• **Work to be completed**:
Return the records exactly, from the first line through the "Bees Wellness Cafe" line.
---------- Extracted entries
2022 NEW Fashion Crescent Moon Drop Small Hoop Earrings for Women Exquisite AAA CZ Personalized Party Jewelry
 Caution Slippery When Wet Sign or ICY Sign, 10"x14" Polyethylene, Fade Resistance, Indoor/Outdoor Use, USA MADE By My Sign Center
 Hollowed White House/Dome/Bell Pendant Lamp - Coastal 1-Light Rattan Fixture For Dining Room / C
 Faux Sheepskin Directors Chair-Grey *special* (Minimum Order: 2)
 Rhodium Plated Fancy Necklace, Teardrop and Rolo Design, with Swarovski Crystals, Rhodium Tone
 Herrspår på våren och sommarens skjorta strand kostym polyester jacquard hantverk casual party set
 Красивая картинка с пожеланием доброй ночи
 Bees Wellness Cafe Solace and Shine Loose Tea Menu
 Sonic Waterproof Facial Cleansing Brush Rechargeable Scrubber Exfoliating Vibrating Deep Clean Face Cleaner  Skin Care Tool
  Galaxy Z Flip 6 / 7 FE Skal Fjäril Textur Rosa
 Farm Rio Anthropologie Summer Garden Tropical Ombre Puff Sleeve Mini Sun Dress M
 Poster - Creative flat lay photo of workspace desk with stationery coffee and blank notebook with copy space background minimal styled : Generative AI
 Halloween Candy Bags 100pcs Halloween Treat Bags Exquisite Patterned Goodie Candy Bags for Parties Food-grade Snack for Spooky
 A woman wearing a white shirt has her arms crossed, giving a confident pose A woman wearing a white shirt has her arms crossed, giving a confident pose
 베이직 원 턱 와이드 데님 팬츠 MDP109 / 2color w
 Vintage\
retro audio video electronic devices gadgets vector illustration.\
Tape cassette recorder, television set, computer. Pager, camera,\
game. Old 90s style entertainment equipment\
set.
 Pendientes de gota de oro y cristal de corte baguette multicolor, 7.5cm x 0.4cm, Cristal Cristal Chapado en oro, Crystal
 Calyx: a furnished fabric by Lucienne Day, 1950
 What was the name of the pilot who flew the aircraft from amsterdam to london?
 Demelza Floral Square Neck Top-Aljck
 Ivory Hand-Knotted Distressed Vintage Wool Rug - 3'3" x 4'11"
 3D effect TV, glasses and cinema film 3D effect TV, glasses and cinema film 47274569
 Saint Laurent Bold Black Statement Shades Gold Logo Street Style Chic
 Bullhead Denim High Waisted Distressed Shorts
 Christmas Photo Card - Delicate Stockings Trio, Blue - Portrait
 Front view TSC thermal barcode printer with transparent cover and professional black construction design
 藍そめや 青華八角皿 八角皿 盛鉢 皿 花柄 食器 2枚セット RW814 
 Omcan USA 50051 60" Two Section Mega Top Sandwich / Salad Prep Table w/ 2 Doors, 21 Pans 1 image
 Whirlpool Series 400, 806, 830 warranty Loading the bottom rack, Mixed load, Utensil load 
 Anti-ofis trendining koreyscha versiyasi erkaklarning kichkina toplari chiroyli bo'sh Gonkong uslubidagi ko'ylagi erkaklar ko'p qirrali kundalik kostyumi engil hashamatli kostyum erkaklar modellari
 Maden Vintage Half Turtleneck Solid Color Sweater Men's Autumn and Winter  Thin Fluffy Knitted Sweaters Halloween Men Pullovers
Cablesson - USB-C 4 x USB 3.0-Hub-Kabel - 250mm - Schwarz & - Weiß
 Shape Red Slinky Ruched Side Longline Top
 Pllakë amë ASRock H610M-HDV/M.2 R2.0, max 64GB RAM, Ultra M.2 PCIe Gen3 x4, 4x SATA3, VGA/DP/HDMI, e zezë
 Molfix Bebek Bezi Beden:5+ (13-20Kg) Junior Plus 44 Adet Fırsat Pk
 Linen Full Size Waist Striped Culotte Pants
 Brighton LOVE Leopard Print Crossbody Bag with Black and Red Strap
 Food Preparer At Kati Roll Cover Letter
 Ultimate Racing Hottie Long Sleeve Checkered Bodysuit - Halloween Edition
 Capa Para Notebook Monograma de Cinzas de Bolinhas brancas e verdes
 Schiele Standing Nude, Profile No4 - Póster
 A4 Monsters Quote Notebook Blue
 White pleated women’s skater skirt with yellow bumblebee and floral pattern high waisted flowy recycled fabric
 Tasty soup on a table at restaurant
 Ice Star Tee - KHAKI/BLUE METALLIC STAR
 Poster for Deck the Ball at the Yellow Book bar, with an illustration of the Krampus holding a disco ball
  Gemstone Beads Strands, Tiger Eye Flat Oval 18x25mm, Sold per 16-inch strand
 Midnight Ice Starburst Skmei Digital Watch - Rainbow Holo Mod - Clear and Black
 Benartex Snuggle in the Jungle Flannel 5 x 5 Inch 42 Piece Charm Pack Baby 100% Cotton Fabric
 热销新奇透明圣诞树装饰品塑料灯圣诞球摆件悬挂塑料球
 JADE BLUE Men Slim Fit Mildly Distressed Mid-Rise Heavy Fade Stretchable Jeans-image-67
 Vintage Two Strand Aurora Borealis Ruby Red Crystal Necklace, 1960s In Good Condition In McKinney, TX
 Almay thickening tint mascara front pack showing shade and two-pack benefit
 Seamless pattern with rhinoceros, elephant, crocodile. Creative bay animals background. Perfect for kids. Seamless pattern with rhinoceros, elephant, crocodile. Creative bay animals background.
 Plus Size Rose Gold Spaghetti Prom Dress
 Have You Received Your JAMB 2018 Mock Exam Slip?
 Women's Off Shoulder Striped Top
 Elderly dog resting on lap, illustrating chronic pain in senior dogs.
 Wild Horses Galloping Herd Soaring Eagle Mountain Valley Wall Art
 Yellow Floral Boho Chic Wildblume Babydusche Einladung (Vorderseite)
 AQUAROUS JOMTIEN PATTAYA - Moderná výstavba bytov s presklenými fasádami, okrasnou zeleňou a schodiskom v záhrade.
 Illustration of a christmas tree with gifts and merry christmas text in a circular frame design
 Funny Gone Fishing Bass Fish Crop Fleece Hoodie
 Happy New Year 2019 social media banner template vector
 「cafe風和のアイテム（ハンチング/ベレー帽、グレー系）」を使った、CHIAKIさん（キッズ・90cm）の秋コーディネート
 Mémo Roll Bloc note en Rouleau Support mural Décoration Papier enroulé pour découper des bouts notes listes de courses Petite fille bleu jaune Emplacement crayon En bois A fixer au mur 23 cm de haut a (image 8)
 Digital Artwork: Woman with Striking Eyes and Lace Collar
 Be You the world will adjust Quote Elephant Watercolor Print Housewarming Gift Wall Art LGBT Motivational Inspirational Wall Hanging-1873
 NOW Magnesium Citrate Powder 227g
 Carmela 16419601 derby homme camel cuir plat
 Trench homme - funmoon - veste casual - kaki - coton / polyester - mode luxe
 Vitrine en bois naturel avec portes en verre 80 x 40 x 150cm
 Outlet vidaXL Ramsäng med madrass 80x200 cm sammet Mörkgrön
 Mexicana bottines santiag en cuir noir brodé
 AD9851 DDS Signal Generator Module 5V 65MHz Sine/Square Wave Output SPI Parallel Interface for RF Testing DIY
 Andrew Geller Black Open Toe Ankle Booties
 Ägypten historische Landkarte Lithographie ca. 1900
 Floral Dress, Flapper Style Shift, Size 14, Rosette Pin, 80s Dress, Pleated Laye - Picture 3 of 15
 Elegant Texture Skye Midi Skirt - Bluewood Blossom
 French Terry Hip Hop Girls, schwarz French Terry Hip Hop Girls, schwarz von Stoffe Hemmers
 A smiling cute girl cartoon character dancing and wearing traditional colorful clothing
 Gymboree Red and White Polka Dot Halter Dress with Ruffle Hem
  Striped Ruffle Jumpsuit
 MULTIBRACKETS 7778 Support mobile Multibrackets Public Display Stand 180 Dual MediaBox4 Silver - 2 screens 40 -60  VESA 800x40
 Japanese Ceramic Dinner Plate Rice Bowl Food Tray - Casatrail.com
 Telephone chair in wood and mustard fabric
--------------------
• **Solution for this exercise**:
2022 NEW Fashion Crescent Moon Drop Small Hoop Earrings for Women Exquisite AAA CZ Personalized Party Jewelry
 Caution Slippery When Wet Sign or ICY Sign, 10"x14" Polyethylene, Fade Resistance, Indoor/Outdoor Use, USA MADE By My Sign Center
 Hollowed White House/Dome/Bell Pendant Lamp - Coastal 1-Light Rattan Fixture For Dining Room / C
 Faux Sheepskin Directors Chair-Grey *special* (Minimum Order: 2)
 Rhodium Plated Fancy Necklace, Teardrop and Rolo Design, with Swarovski Crystals, Rhodium Tone
 Herrspår på våren och sommarens skjorta strand kostym polyester jacquard hantverk casual party set
 Красивая картинка с пожеланием доброй ночи
 Bees Wellness Cafe Solace and Shine Loose Tea Menu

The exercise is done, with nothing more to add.